▸ WORK ITEM
All that is needed is the line containing "Consola digital Soundcraft SI Performer 1" and the lines after it to the end of the material, written out exactly, pictures left aside.

▸ DATA SECTION
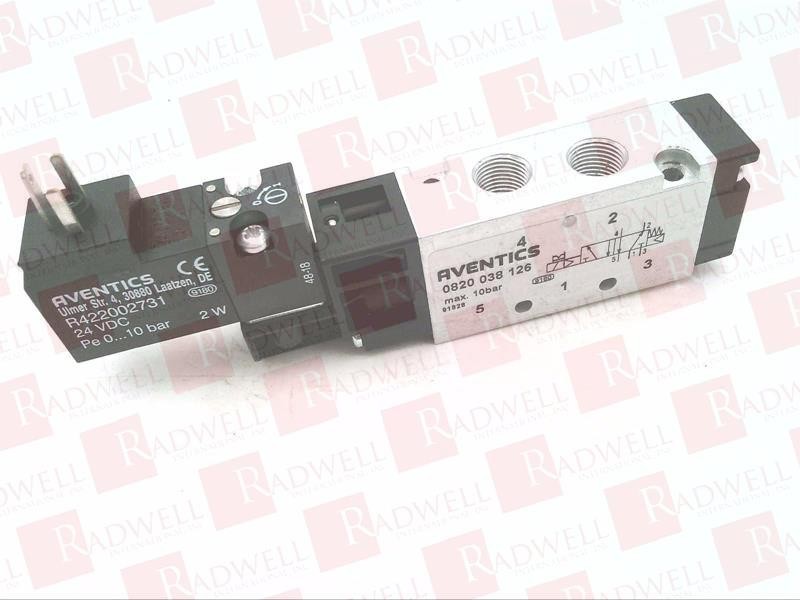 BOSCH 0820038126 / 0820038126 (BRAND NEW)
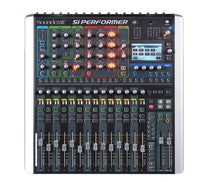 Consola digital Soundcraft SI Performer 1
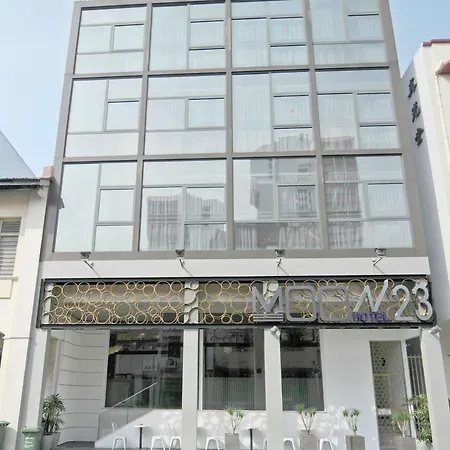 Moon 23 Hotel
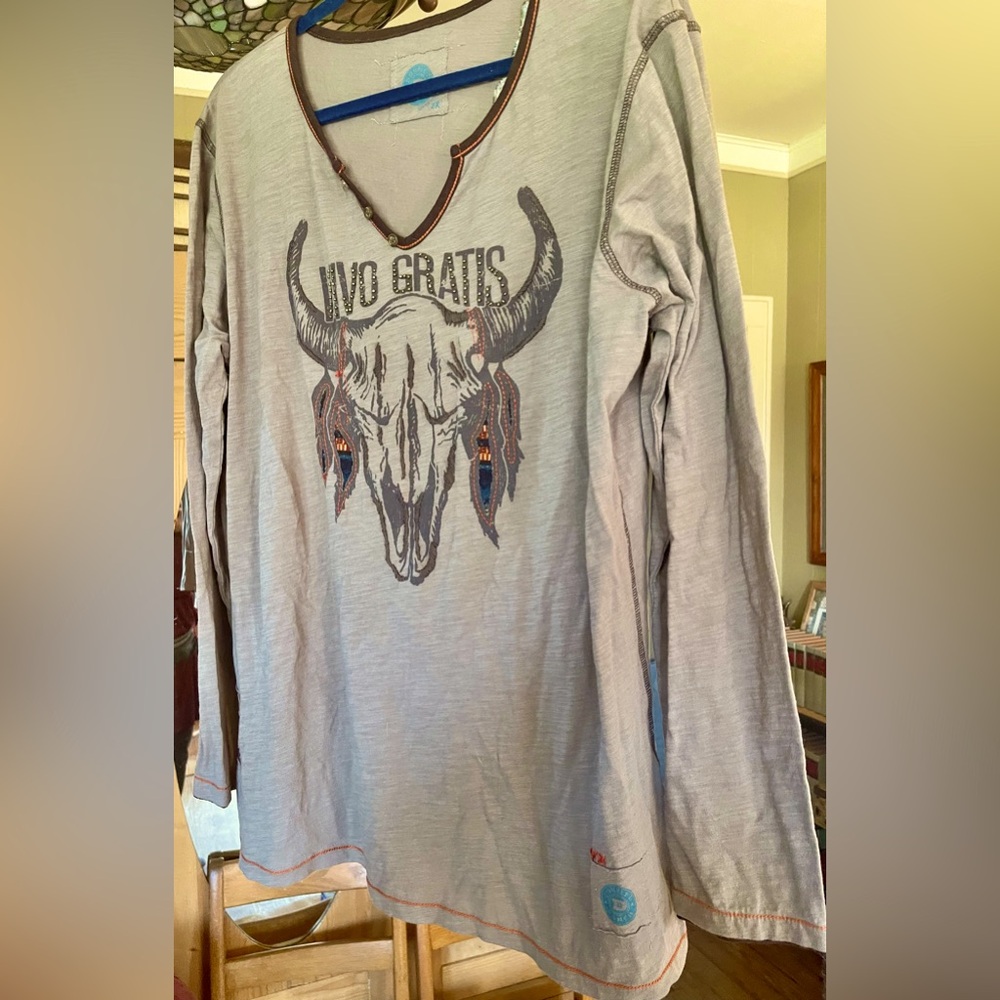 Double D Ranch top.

▸ RESPONSE AREA
 Consola digital Soundcraft SI Performer 1
 Moon 23 Hotel
 Double D Ranch top.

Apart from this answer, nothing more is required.